I’m just seeing on a lot of threads “oh we don’t want to go back to the 70s, freezing houses etc” but for most of us our houses were warm, we had hot (if short) showers, dried clothes on a line over the bath etc. It was fine, we weren’t uncomfortable but we definitely thought “put a jumper on first” before turning the heating up.
I did have relatives who lived very frugally with freezing houses and washing at the sink, but there’s definitely a middle ground between wasteful energy use and ice on the windows.

Ozgirl75 · 05/09/2022 22:14

Also, for businesses, we do “Earth Hour” here in Sydney and it’s like “ooo look we’ve turned off the buildings’ lights for an hour” and then once it’s over, we just…..turn them back on again. It’s madness to have the city lit up at night and the weekend. A lot of the measures that German cities are taking seem perfectly sensible - turning off lights at night, lowering the water temperature in business buildings etc, not illuminating statues at night. How are we not already doing this, from a purely environmental point of view?
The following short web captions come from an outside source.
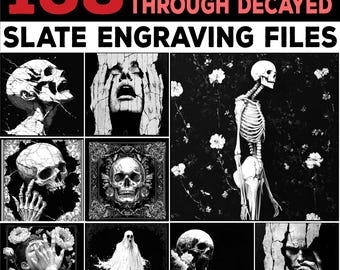 May include: A digital collection of 168 Wailing Spirits Through Decayed Slate Engraving Files featuring black and white illustrations of skulls, skeletons, ghosts, and human figures with cracked textures and floral elements in a grid layout.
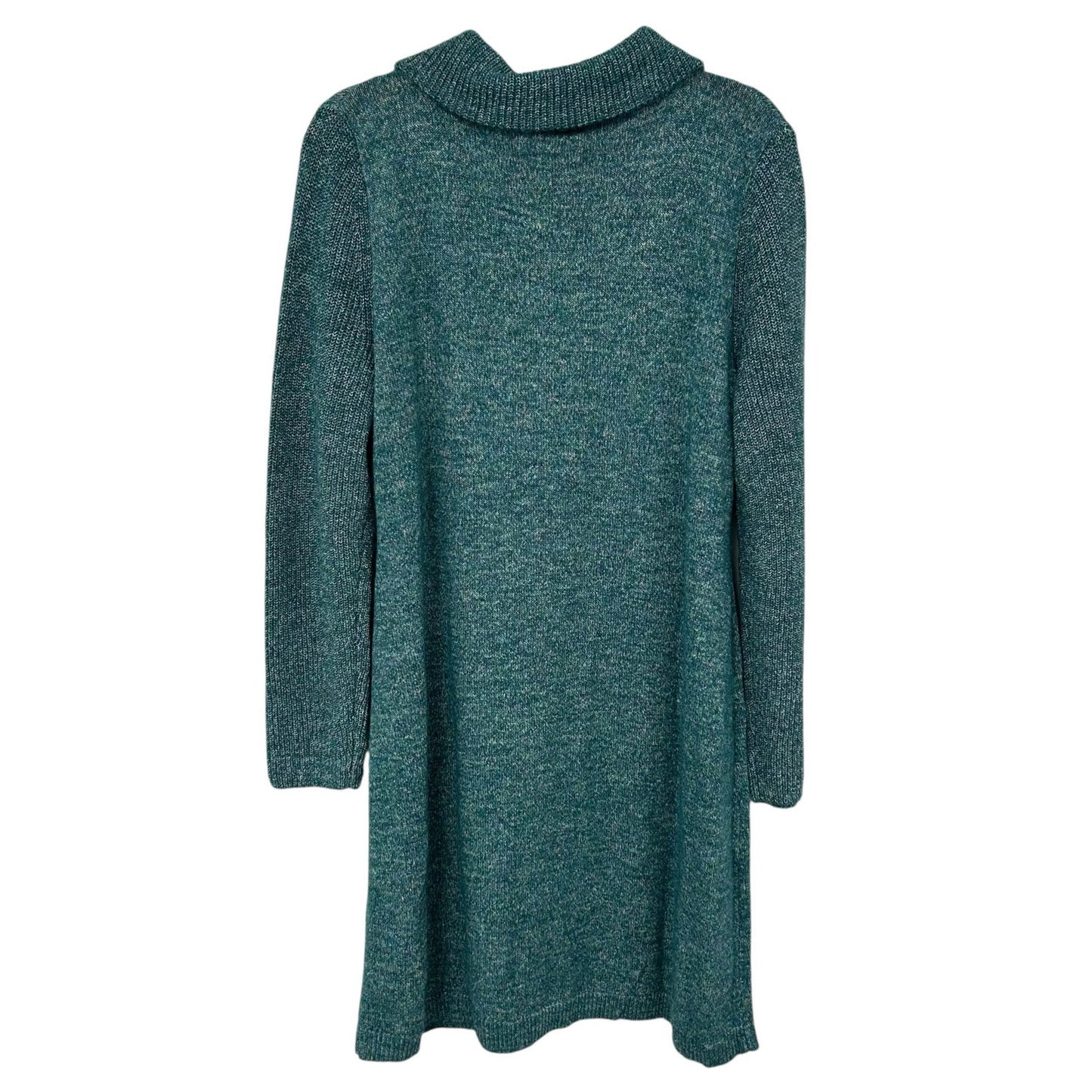 NWT Talbots Lagoon Green Blue Zip Collar Sweater Shift Dress Womens Large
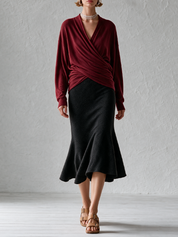 Effortless Evening Wrap Top & Mermaid Midi Skirt Set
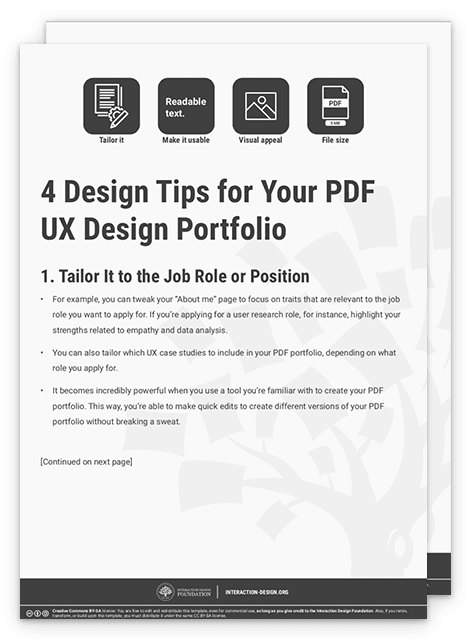 How To Create A Pdf Ux Design Portfolio Interaction Design Foundation Ixdf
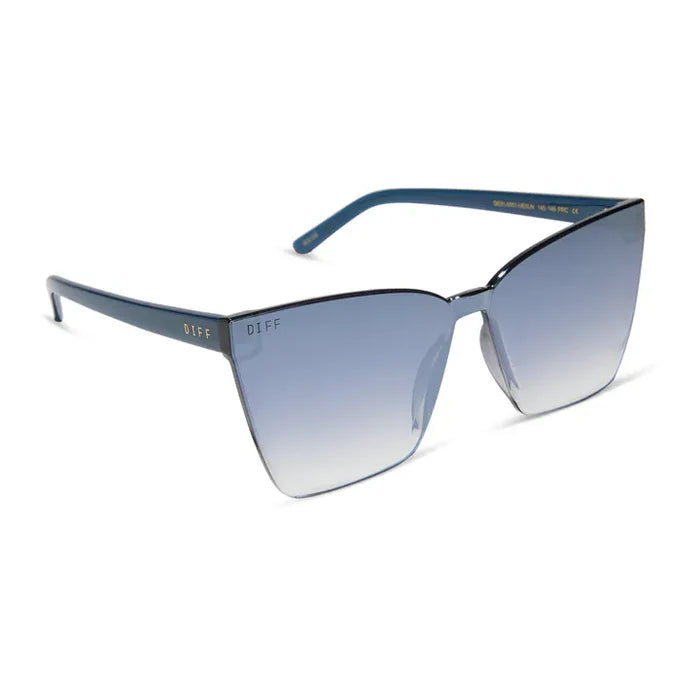 DIFF Eyewear Goldie Clubhouse Blue Slate Gradient Flash Sunglasses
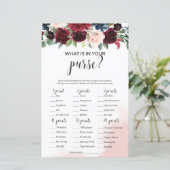 Burgundy navy floral wat er in je handtas zit (Staand voorkant)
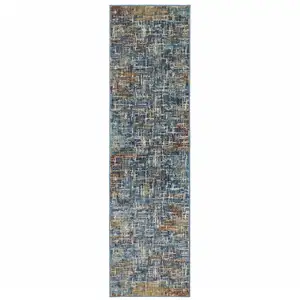 Photo of Blue Teal Gold Rust And Beige Abstract Power Loom Stain Resistant Runner Rug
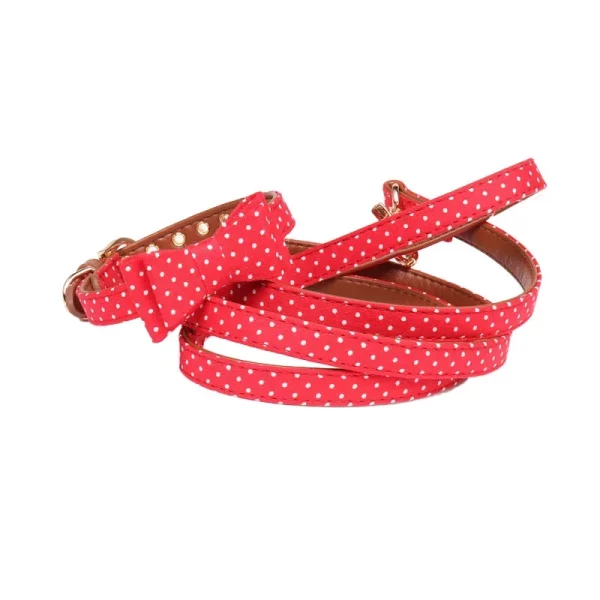 Close-up of a small dog collar featuring a playful dot pattern and a decorative bow.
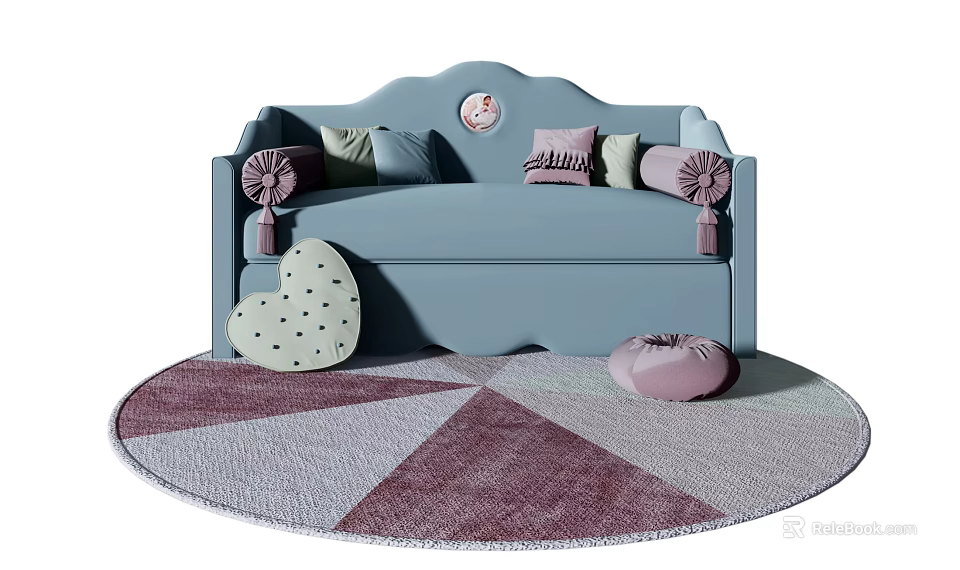 Blue Two Seater Sofa With Decorative Cushions Tassel Decorations And Round Geometric Area Rug 3d model 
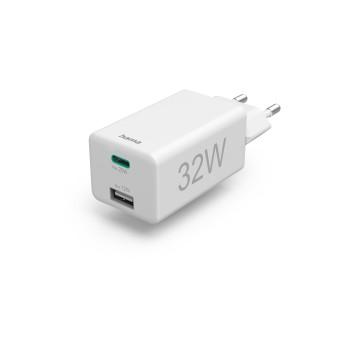 Hurtiglader, 1x USB-C, 1x USB-A, PD/Qualcomm®, Mini-lader, 32W, WS - Hama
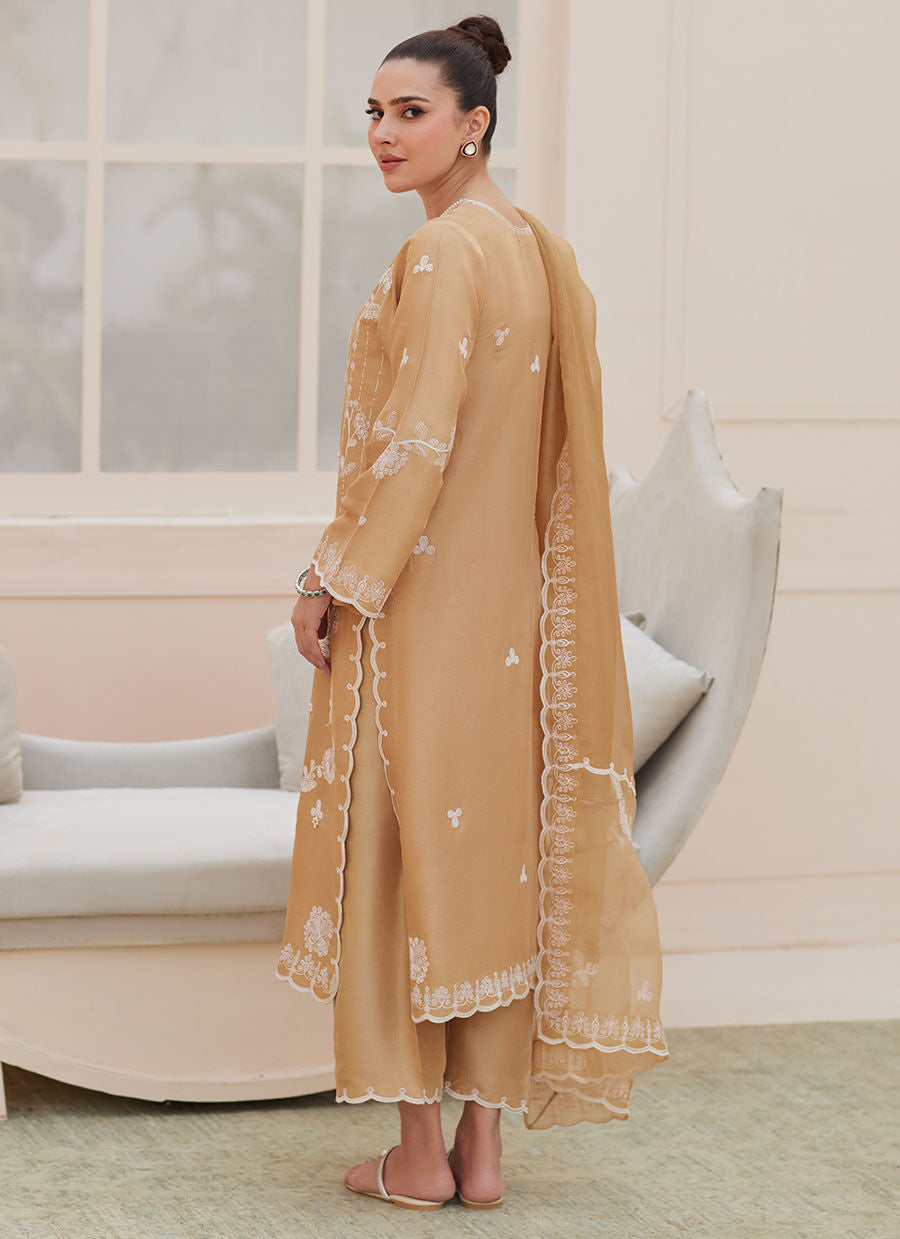 BEA TAUPE SILK SHIRT AND DUPATTA | PRET | FARAH TALIB AZIZ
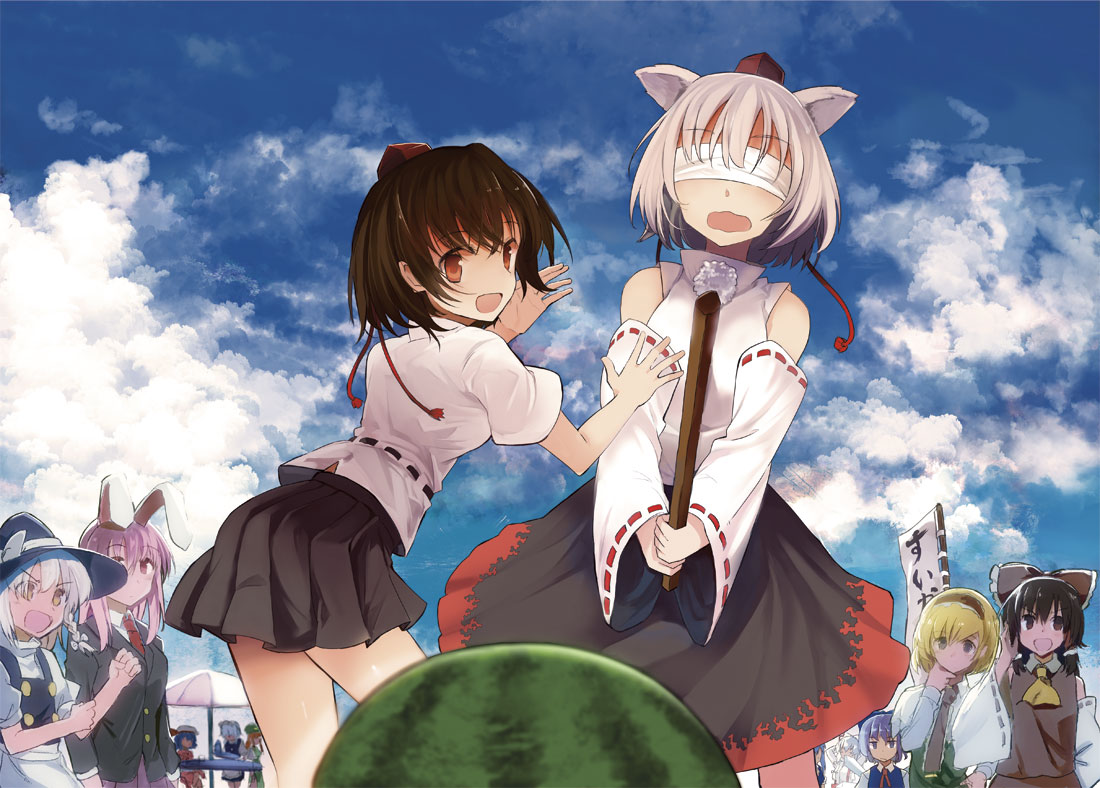 6+girls, alice_margatroid, animal_ears, ascot, black_hair, black_hat, black_skirt, blindfold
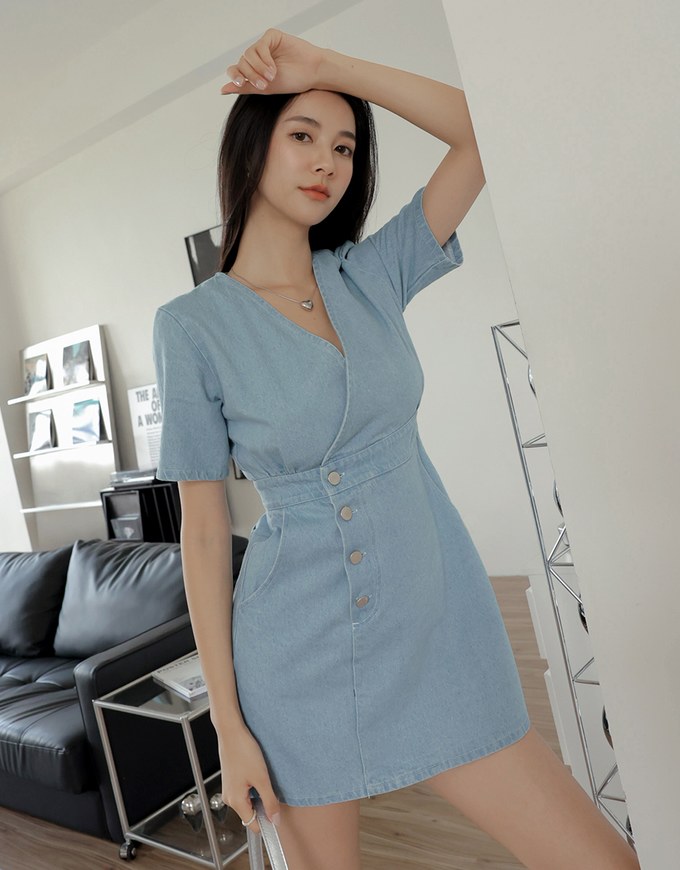 V Neck Denim Jeans Flare Mini Dress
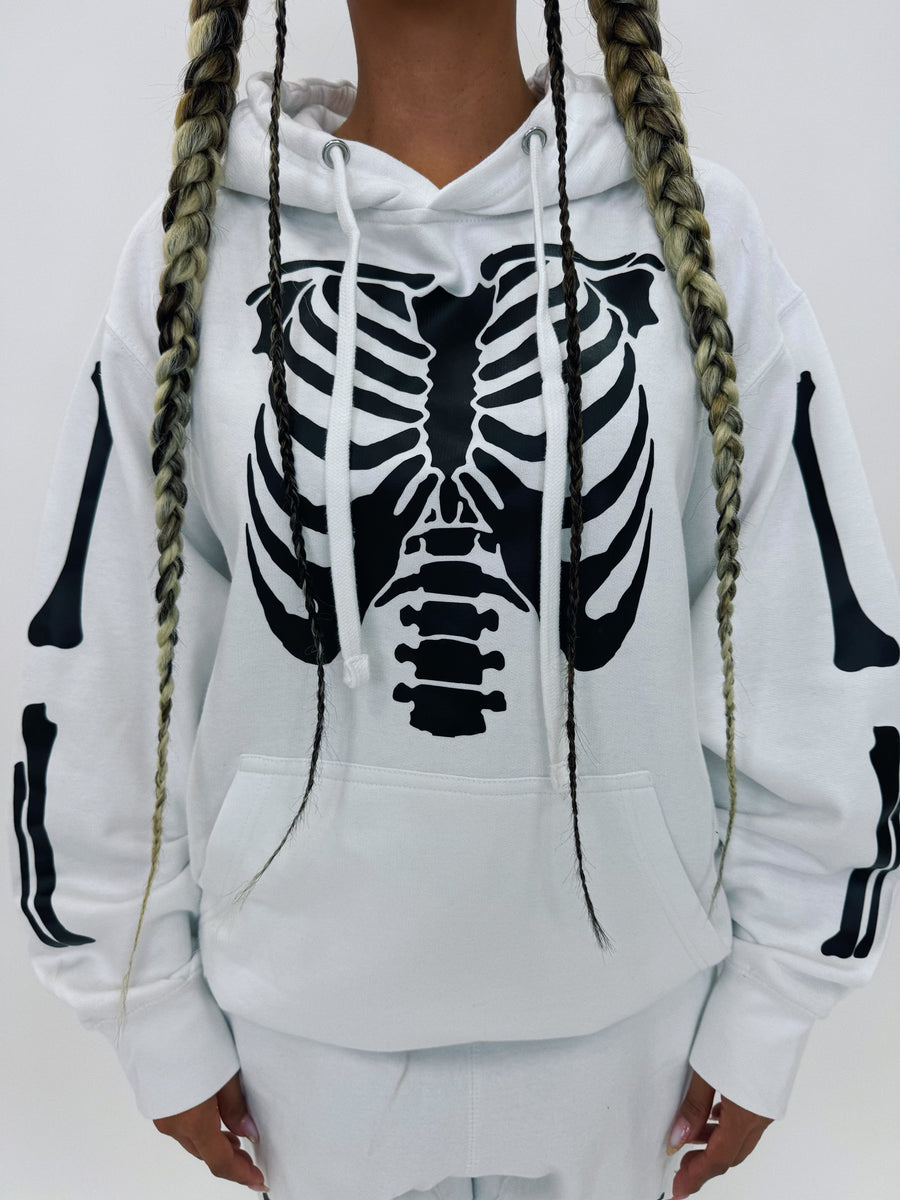 SKELETON HOODIE - WHITE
blabberchops · 06/09/2022 09:59

@lancsgirl85 getting back to your original question, hopefully you now understand how your bill is calculated, but I don't think anyone has actually said this - your monthly direct debit set by the energy company assumes you will use the same amount of energy this year as last year. So, if you know your usage has reduced, and will reduce further due to the lifestyle changes you're making, phone them to explain that - they are then likely to suggest a lower direct debit to reflect the lower projected usage.